First we walked along the coastal path and past the Cape Foulwind seal colony, yes it was windy but thankfully not foul and yes we did see the seals. We also stopped at Punakaiki Pancake rocks and blowholes. The only problem with this was that we didn't have enough time to do either of these areas justice. If I were to do this myself I would have given the whole day over to just being at these locations because there was alot to take in and see. However, the brochure says, 'unique overnight stay at a historic West coast pub', well we first had to stop to buy props for the fancy dress party but had to conform with the theme set by the pub which was the letter 'P'. The weather was getting worse and once we had pulled up at the pub it was pouring down and cold.

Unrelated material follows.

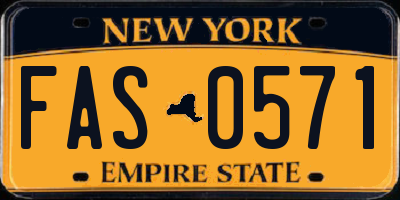 NY license plate FAS0571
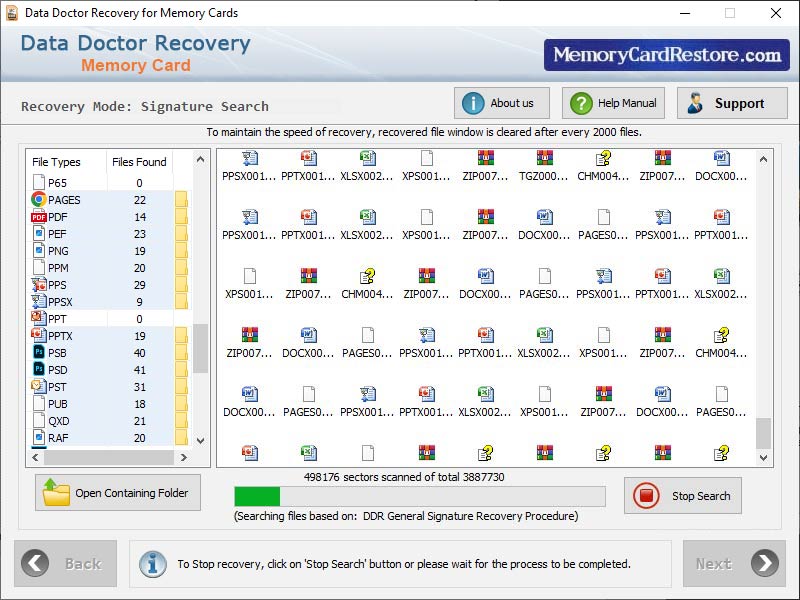 Captura de pantalla de Card Data Restore Software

The Dorms were very poor and we basically had to sleep in a porta cabin on bunk beds which were completely wrecked and atrocious. Not to be deterred we presented ourselves for supper which I have to say was outstanding, unlike the bunks or the pub! The party was after dinner so people retired to prepare. There was a pretty good showing and I make no apologies for the photos, we all had a good time, some getting into more trouble than others! Nuff said!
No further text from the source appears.